Last week My Tiny Sous Chef and I traveled east for a few days of QT with my parents and some long overdue family and friend visits. We arrived in the evening after a long day, just in time for dinner, and my mom put My Tiny Sous Chef right to work! We needed a salad, and since MTSC is the salad maker extraordinaire, that was her task. But there was another fun treat awaiting her tiny hands’ assistance as well. My mom’s Parmesan Bread Twists. Light and crunchy and cheesy and fancy! What 4.5YO sous chef wouldn’t be down with that?? Mine was. And you will be, too. They’re absurdly easy and delicious and impressive–triple threat, my friends. Here you go.
WHAT YOU NEED
* a sheet of puff pastry (refrigerated until 20 minutes or so before ready to prepare)
* 1 egg for egg washing
* grated Parmesan cheese
* dried rosemary (or thyme, or crushed garlic – not all three together but interchangeable)
WHAT TO DO
Preheat your oven to 400F.
When you’re ready to get to work, take your puff pastry out of the refrigerator. Spread a sheet out on a working surface. Roll it out a bit thinner than it is when you remove it from the package, and then, using a pizza cutter (or a knife), cut into strips lengthwise, about 1-1.5 inches wide.
Gently brush each strip with the egg wash, then sprinkle evenly with Parmesan and herb/seasoning.

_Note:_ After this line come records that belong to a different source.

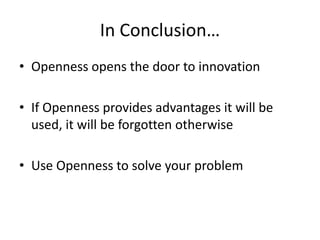 In Conclusion… 
• Openness opens the door to innovation 
• If Openness provides advantages it will be 
used, it will be forgotten otherwise 
• Use Openness to solve your problem 
 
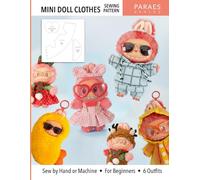 Mini Doll Clothes - Sewing Pattern: Sew by Hand or Machine • For Beginners • 6 Outfits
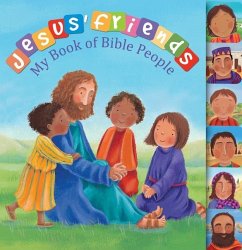 Jesus' Friends: My Book of Bible People - Goodings, Christina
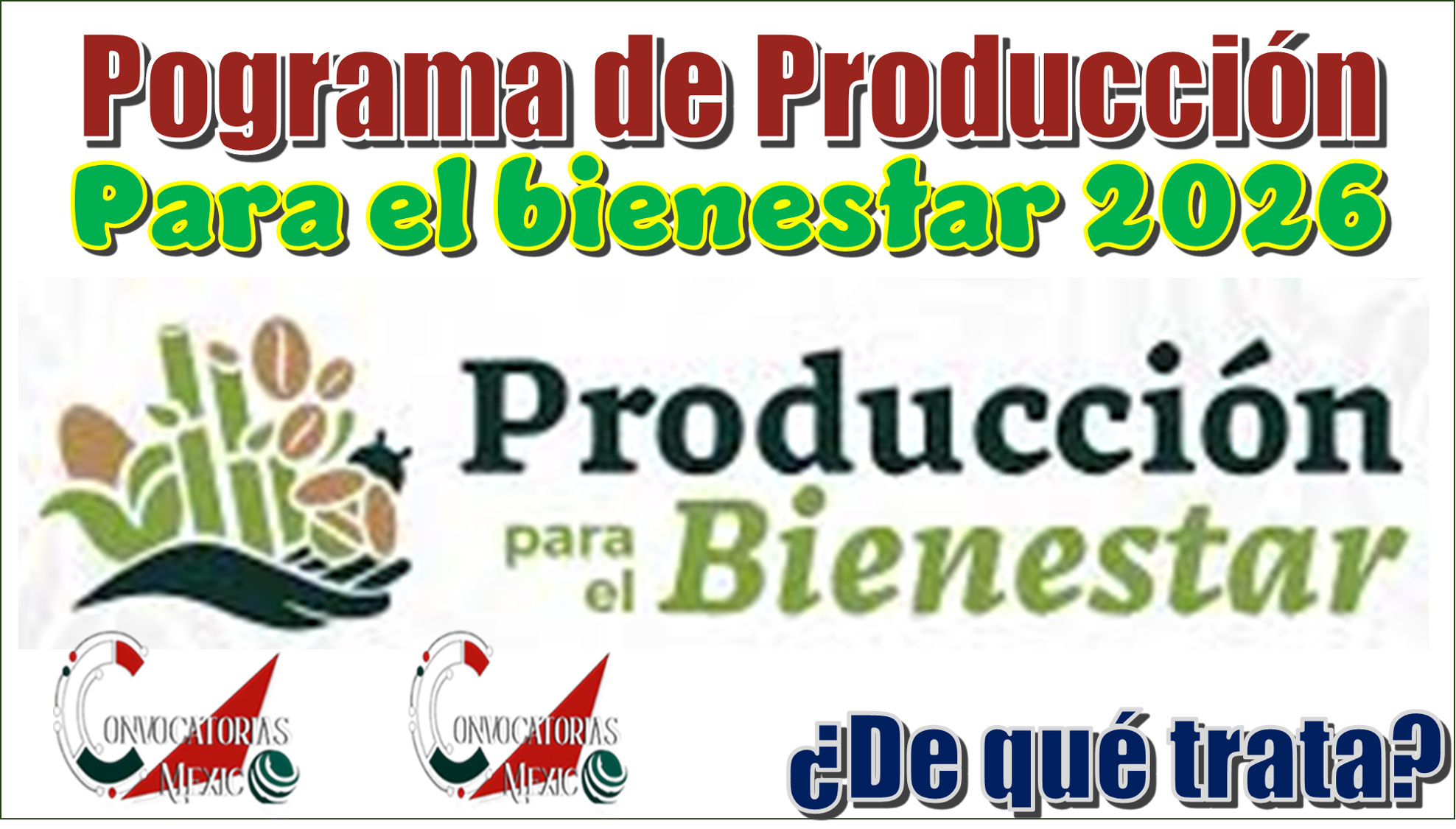Programa de Producción para el Bienestar 2026 | ¿De qué trata?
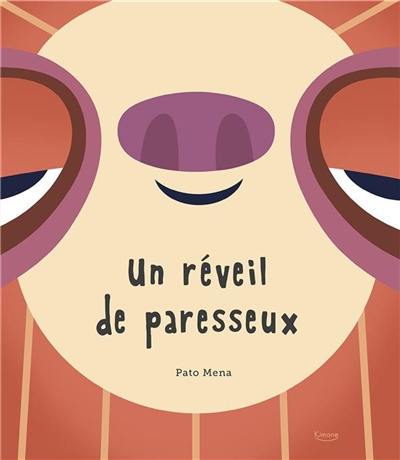 Un réveil de paresseux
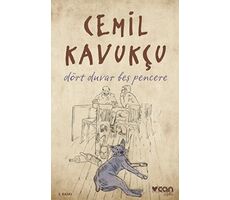 Dört Duvar Beş Pencere - Cemil Kavukçu - Can Yayınları
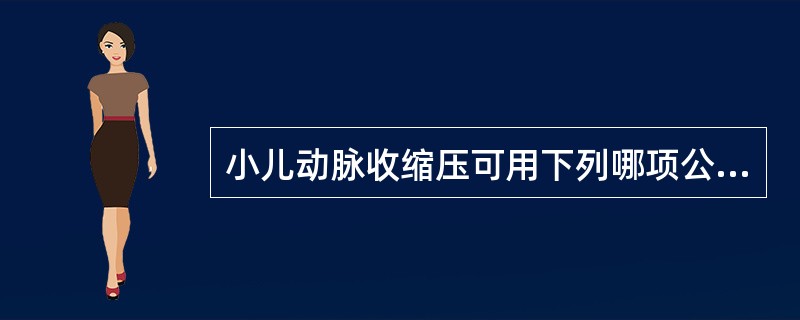 小儿动脉收缩压可用下列哪项公式计算( )A、(年龄×2)£«75mmHgB、(年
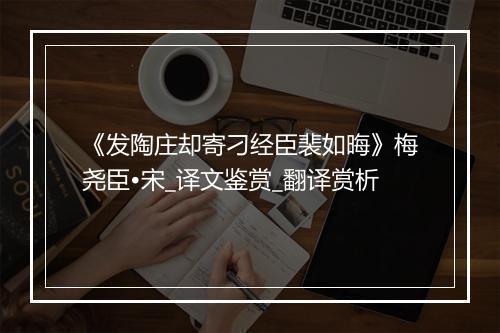 《发陶庄却寄刁经臣裴如晦》梅尧臣•宋_译文鉴赏_翻译赏析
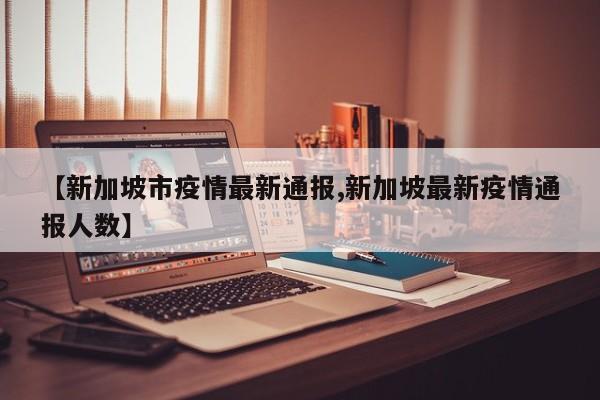 【新加坡市疫情最新通报,新加坡最新疫情通报人数】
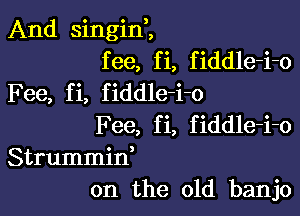 And singin,,
fee, fi, fiddle-i-o
Fee, fi, fiddle-i-o

Fee, fi, fiddle-i-o
Strummid
on the old banjo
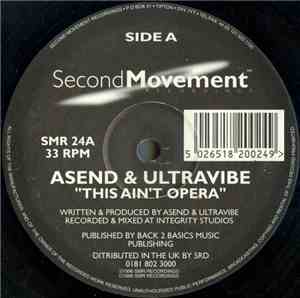 Asend & Ultravibe - This Ain't Opera / Coincidence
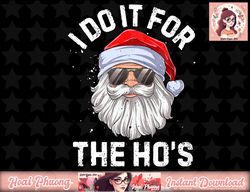 I Do It For The Ho s Funny Inappropriate Christmas Men Short Sleeve Santa png, instant download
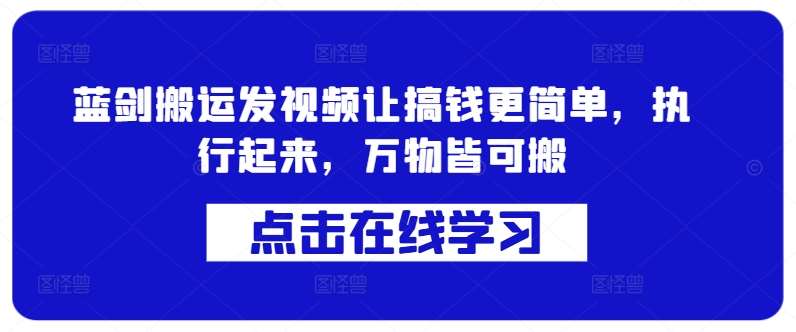 蓝剑搬运发视频让搞钱更简单，执行起来，万物皆可搬|无忧资源社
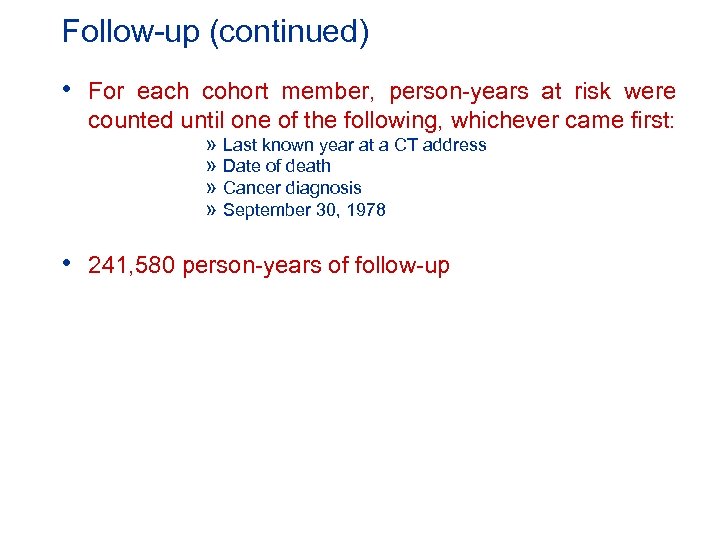 Follow-up (continued) • For each cohort member, person-years at risk were counted until one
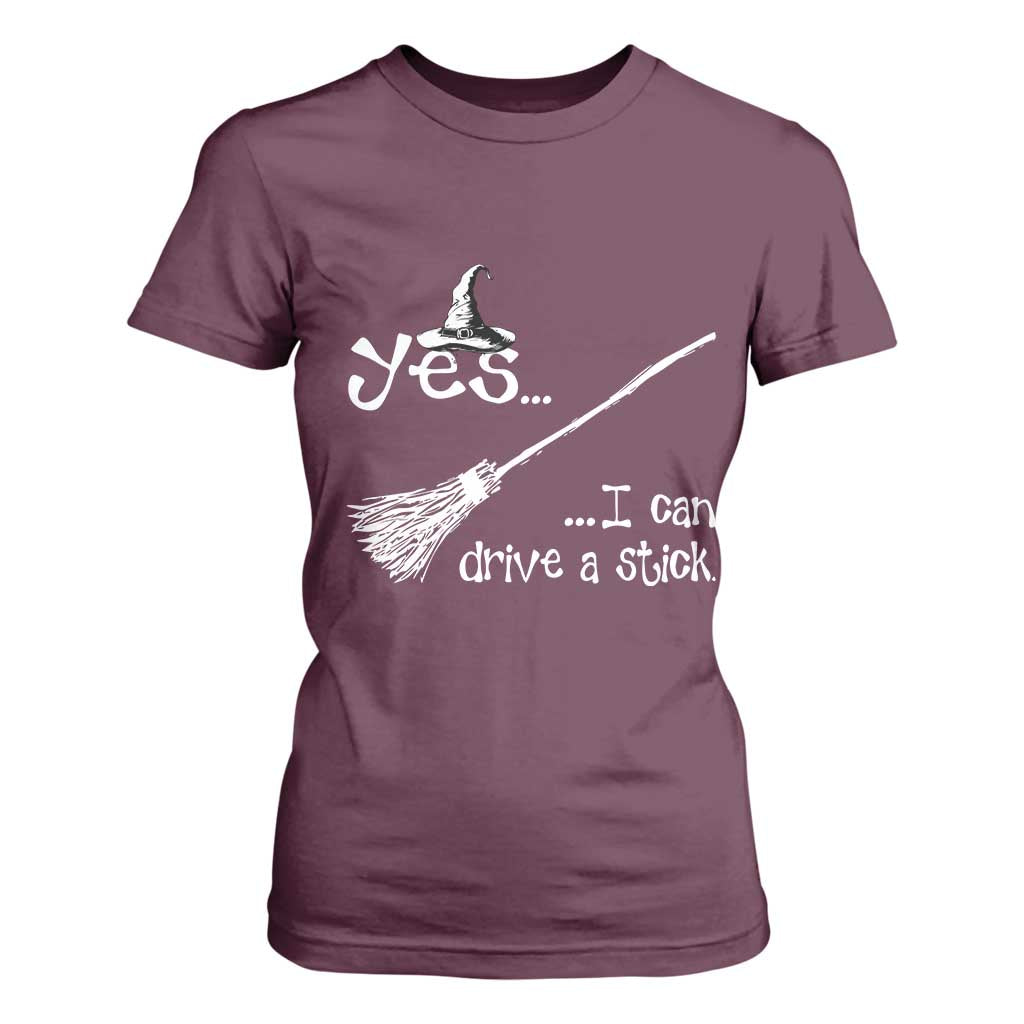 Funny Halloween Spooky Witch T Shirt For Women Yes I Can Drive A Stick TS11 Maroon Print Your Wear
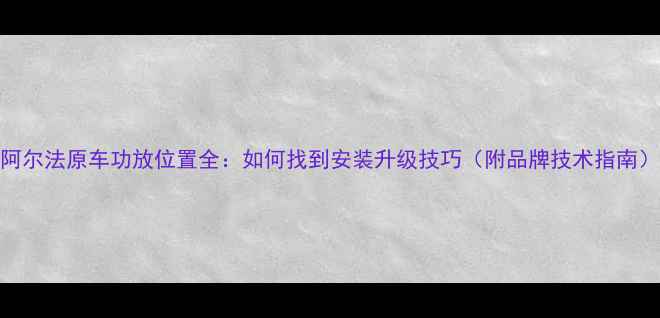 图片 阿尔法原车功放位置全：如何找到安装升级技巧（附品牌技术指南）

Carefully twist each strip over two or three times, making a long “loose” twist, and arrange the twists onto a baking sheet. Brush again, just lightly, with the egg wash on top, and add another light sprinkle of the cheese.
Bake for about 10 minutes. After 8 minutes, check the bottoms of your twists – if they’re golden brown already, go ahead and remove them from the oven. That’s the whole shebang!
Come on- how easy is that? And it’s a PERFECT kid-friendly recipe. They can do almost the whole thing beginning to end themselves with a little oversight. How fun, right?? AND, get ready to impress your guests. Bonus! Thank my mom for that one, and enjoy!